◆ Problem statement ◆
Restate the lines word for word, from the one containing "Cabin Air Filter" through the last line of the entries below, without any other lines.
Data for review: Begin
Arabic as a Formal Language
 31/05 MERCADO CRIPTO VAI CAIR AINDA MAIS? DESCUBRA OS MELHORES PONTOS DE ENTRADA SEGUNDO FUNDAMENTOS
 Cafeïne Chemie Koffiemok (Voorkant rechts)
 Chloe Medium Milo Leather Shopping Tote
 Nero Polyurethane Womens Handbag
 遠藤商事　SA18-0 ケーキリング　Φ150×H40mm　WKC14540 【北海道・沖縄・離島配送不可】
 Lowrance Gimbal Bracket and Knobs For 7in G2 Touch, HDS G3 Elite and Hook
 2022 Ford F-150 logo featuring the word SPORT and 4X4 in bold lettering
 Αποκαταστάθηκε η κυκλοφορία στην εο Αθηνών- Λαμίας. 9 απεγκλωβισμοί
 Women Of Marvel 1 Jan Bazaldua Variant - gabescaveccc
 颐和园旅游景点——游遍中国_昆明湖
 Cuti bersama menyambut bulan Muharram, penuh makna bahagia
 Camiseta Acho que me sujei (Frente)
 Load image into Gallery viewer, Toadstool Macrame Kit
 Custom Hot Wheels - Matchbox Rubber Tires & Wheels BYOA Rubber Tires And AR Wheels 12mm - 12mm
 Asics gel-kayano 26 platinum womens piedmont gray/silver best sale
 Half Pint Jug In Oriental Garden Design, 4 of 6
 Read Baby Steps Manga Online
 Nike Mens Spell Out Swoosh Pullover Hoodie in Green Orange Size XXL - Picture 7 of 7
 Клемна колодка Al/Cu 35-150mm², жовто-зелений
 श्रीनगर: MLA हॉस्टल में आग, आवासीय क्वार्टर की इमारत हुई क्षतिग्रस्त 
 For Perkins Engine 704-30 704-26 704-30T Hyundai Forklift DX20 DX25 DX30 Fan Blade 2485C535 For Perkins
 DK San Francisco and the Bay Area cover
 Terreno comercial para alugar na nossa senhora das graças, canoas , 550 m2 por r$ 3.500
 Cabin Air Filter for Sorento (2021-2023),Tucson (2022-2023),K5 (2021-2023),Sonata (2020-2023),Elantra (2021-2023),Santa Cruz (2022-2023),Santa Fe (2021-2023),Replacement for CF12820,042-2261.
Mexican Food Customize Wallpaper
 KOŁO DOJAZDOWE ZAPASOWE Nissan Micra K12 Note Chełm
Data for review: End
◆ Problem solution ◆
 Cabin Air Filter for Sorento (2021-2023),Tucson (2022-2023),K5 (2021-2023),Sonata (2020-2023),Elantra (2021-2023),Santa Cruz (2022-2023),Santa Fe (2021-2023),Replacement for CF12820,042-2261.
Mexican Food Customize Wallpaper
 KOŁO DOJAZDOWE ZAPASOWE Nissan Micra K12 Note Chełm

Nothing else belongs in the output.